=== Exercise prompt ===
Could you find each line of the data below that contains the word "with" and copy those lines?

=== The input ===
• • • •
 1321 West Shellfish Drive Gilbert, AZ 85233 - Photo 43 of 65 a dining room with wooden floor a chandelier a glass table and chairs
• • • •
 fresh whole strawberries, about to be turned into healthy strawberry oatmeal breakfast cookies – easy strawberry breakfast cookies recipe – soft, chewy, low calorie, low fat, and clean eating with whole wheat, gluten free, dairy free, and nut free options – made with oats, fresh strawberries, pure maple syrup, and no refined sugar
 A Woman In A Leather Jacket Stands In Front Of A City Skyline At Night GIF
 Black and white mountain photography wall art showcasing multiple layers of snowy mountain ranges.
• • • •
=== Finished task ===
 1321 West Shellfish Drive Gilbert, AZ 85233 - Photo 43 of 65 a dining room with wooden floor a chandelier a glass table and chairs
 fresh whole strawberries, about to be turned into healthy strawberry oatmeal breakfast cookies – easy strawberry breakfast cookies recipe – soft, chewy, low calorie, low fat, and clean eating with whole wheat, gluten free, dairy free, and nut free options – made with oats, fresh strawberries, pure maple syrup, and no refined sugar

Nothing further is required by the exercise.